** Opening DATA SECTION block **

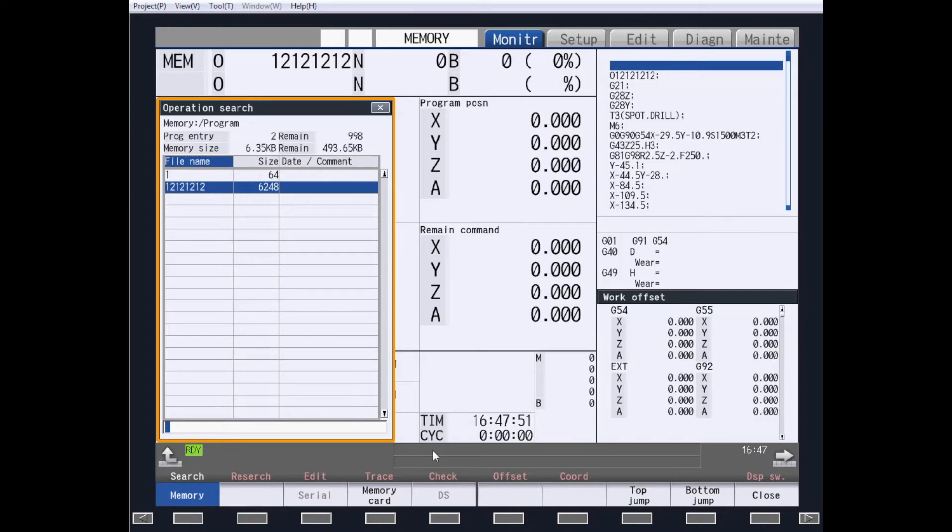For this example, we are going to use the memory search in part program memory. As you can see, I have two different part programs within the part program memory.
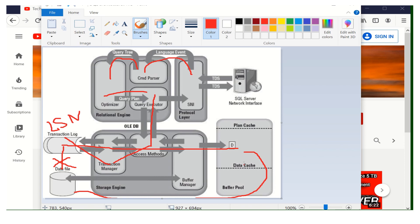This is the phenomenon — it happens in a cyclic way. Whenever an active transaction comes to the SQL Server engine, the transaction manager assigns a log sequence number on that particular transaction. Each transaction has a unique log sequence number. This is the main advantage when doing database recovery, because the LSN plays a major role — based on LSN only we can determine up to when the database has been recovered.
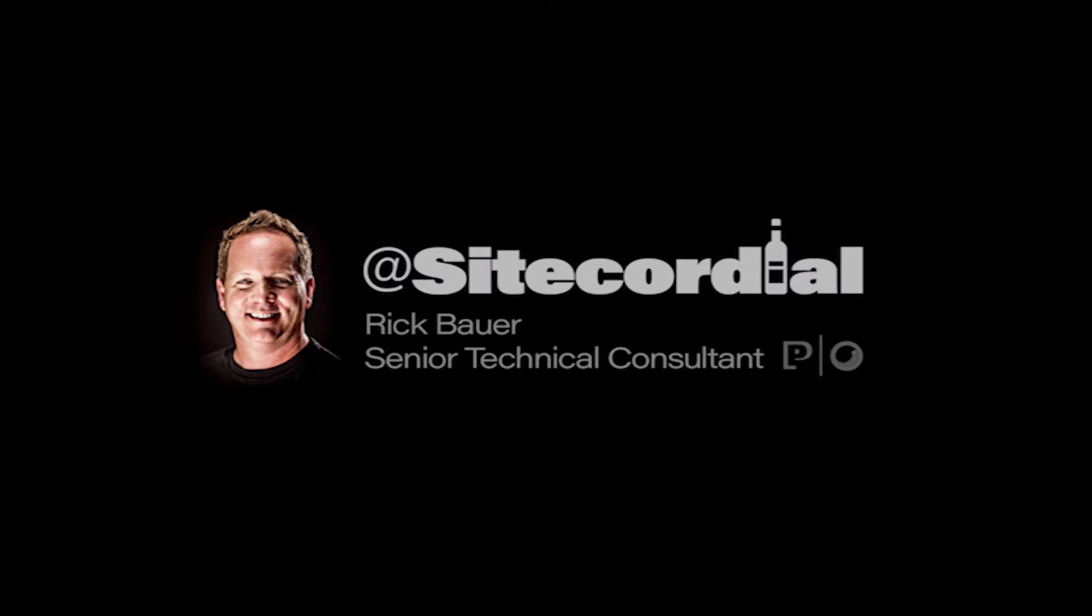Hello, my name is Rick Bauer, and I am a Senior Technical Consultant for the Proficient Sitecore Practice.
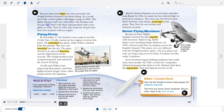This glider did not work very well either. The brothers did not give up. That's why they experimented with a new glider in 1902. Then, in 1903, they built the Wright Flyer — their first airplane with an engine. By December 17, the brothers were ready to test it. Orville started up the engines to power the plane and controlled it while Wilbur watched from the ground. The flyer was launched into the sky. The plane moved in an upward direction, and the flight lasted 12 seconds. The Wright brothers had conquered gravity and unlocked the secrets of flying.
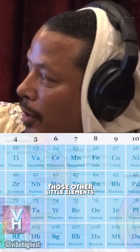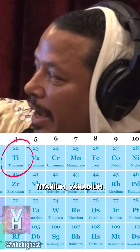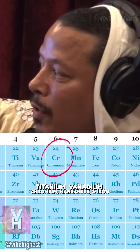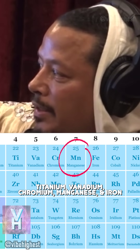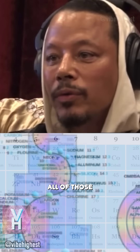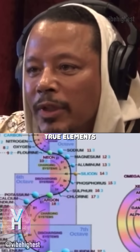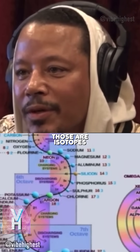And those other little elements — titanium, vanadium, chromium, manganese, and iron — all of those, those aren't true elements. Those are isotopes.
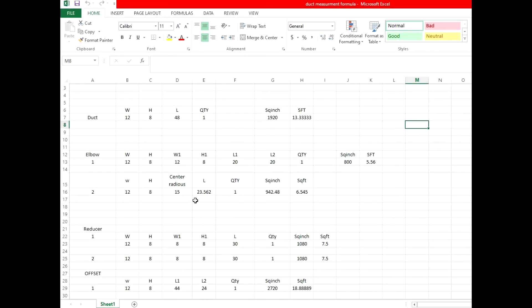Hello friends, once again I am here with you. One of my viewers asked me how we calculate duct area measurement in Excel format. In this video I will show you how we make this formula in Excel.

** Closing DATA SECTION block **

EXERCISE GOAL: Transcribe the listing above verbatim. No picture belongs in the result.

SOLVED PROBLEM:
For this example, we are going to use the memory search in part program memory. As you can see, I have two different part programs within the part program memory.
This is the phenomenon — it happens in a cyclic way. Whenever an active transaction comes to the SQL Server engine, the transaction manager assigns a log sequence number on that particular transaction. Each transaction has a unique log sequence number. This is the main advantage when doing database recovery, because the LSN plays a major role — based on LSN only we can determine up to when the database has been recovered.
Hello, my name is Rick Bauer, and I am a Senior Technical Consultant for the Proficient Sitecore Practice.
This glider did not work very well either. The brothers did not give up. That's why they experimented with a new glider in 1902. Then, in 1903, they built the Wright Flyer — their first airplane with an engine. By December 17, the brothers were ready to test it. Orville started up the engines to power the plane and controlled it while Wilbur watched from the ground. The flyer was launched into the sky. The plane moved in an upward direction, and the flight lasted 12 seconds. The Wright brothers had conquered gravity and unlocked the secrets of flying.
And those other little elements — titanium, vanadium, chromium, manganese, and iron — all of those, those aren't true elements. Those are isotopes.
Hello friends, once again I am here with you. One of my viewers asked me how we calculate duct area measurement in Excel format. In this video I will show you how we make this formula in Excel.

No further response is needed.